Task input

++++

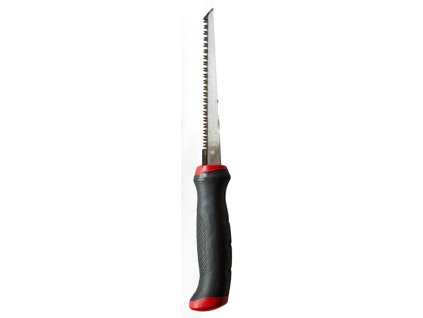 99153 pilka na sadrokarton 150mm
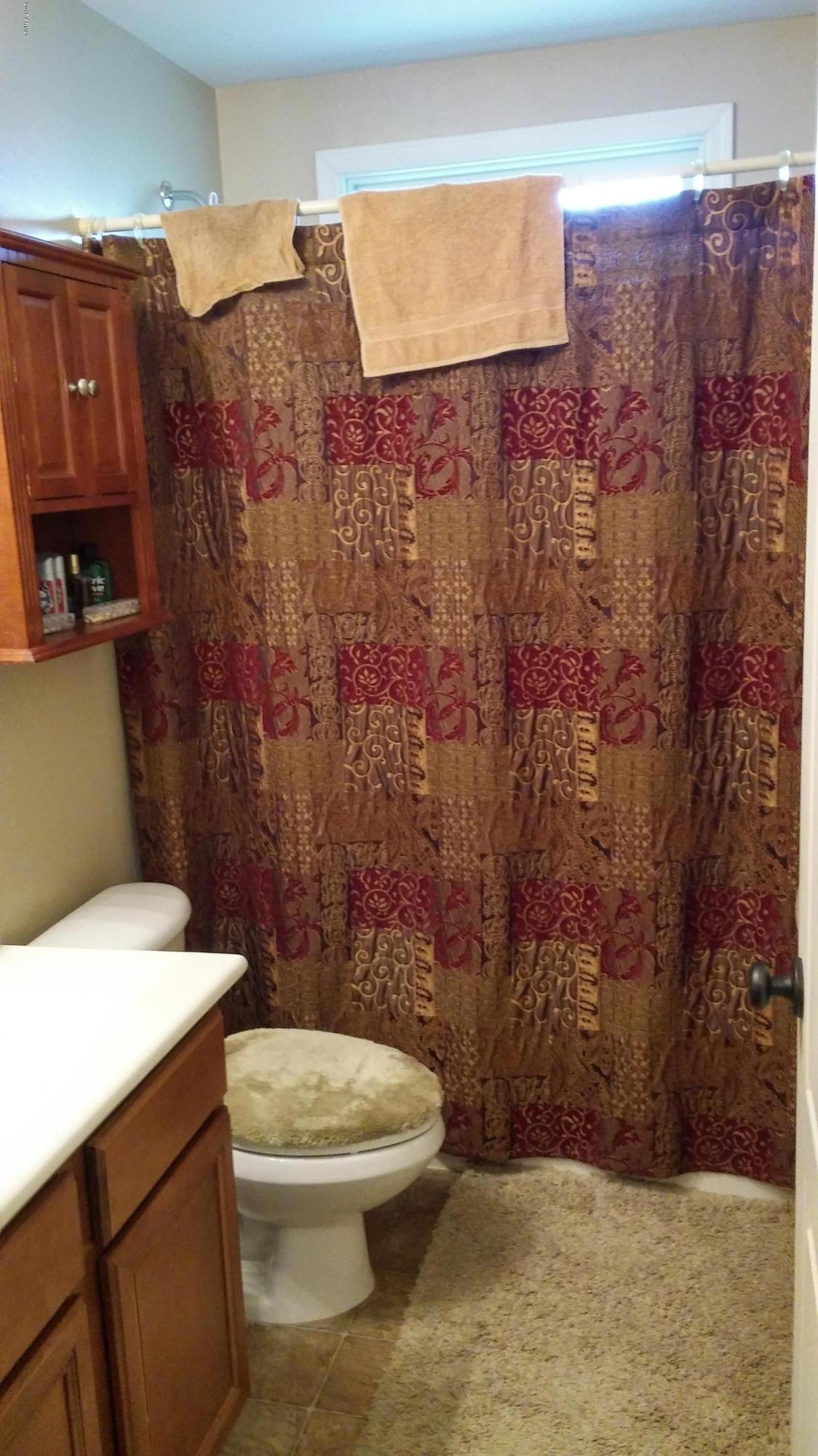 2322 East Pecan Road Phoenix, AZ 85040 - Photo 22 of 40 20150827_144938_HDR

++++

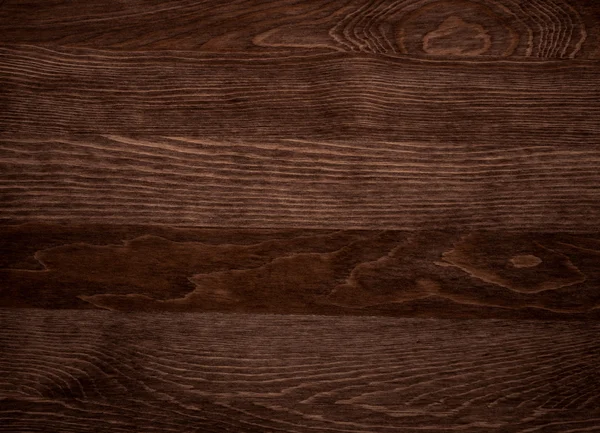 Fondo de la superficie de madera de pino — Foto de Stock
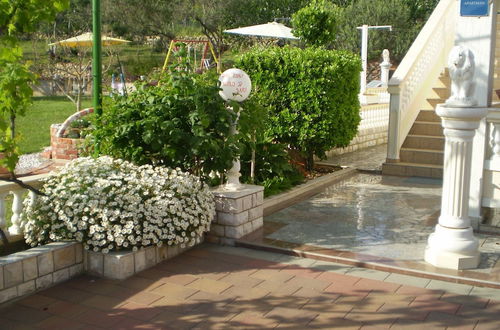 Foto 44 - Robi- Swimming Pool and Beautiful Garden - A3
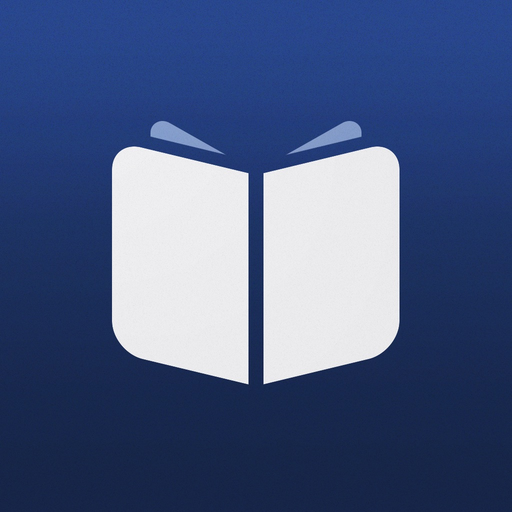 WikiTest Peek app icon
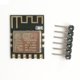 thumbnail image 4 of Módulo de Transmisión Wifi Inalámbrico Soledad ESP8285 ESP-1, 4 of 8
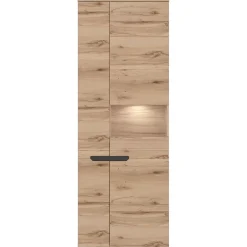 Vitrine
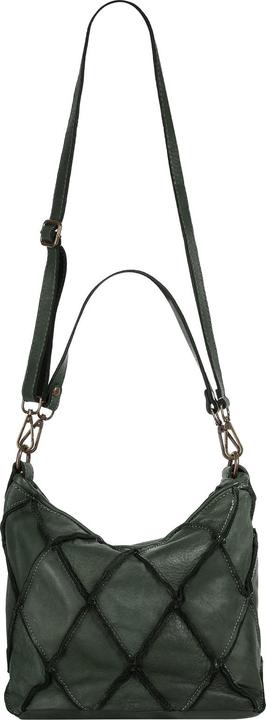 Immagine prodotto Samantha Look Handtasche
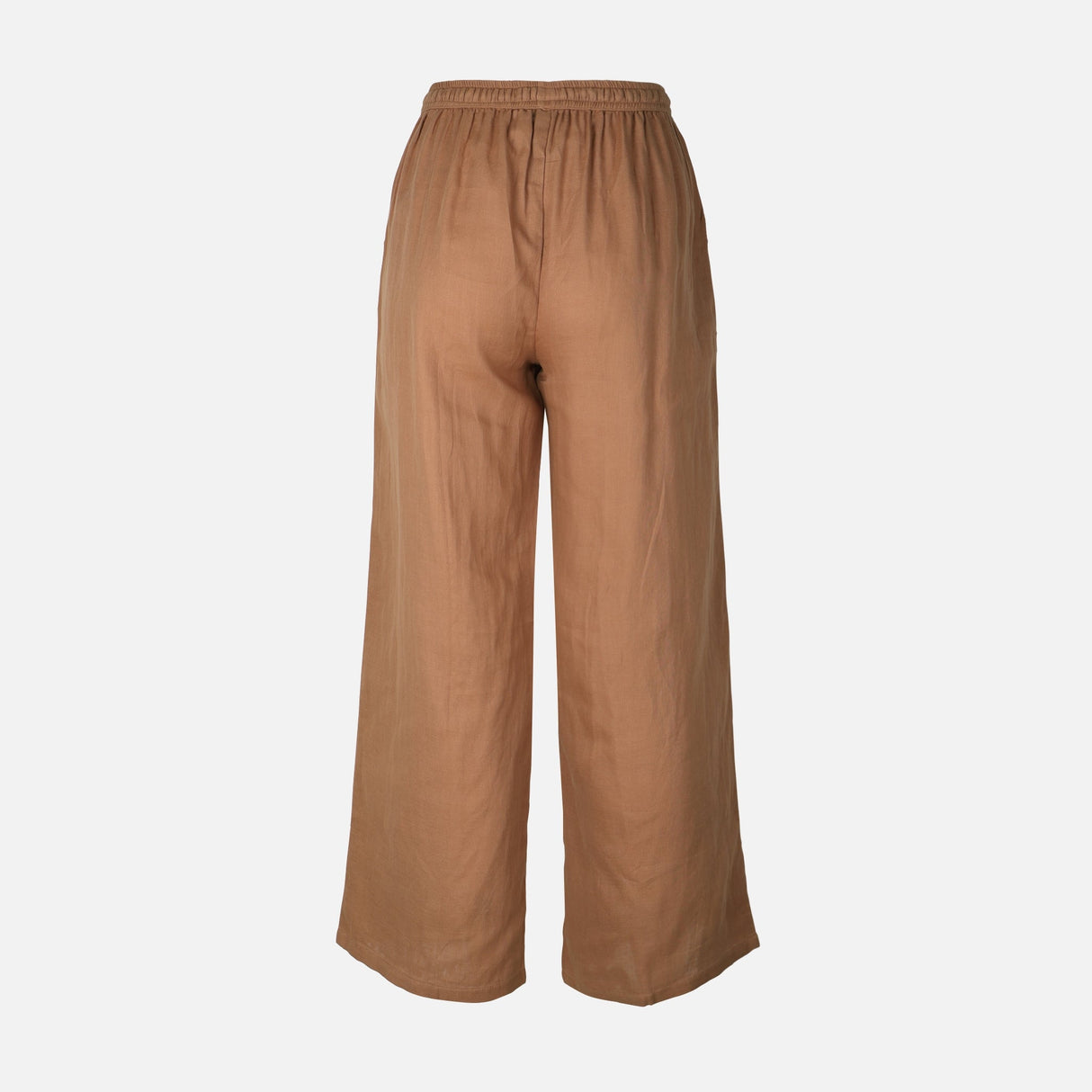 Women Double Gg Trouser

++++

The problem
Using the data above, set down each line from the line with "99153 pilka na sadrokarton 150mm" to the line with "2322 East Pecan" exactly, both ends included, and leave the pictures behind. Nothing else belongs.

Result for this exercise
 99153 pilka na sadrokarton 150mm
 2322 East Pecan Road Phoenix, AZ 85040 - Photo 22 of 40 20150827_144938_HDR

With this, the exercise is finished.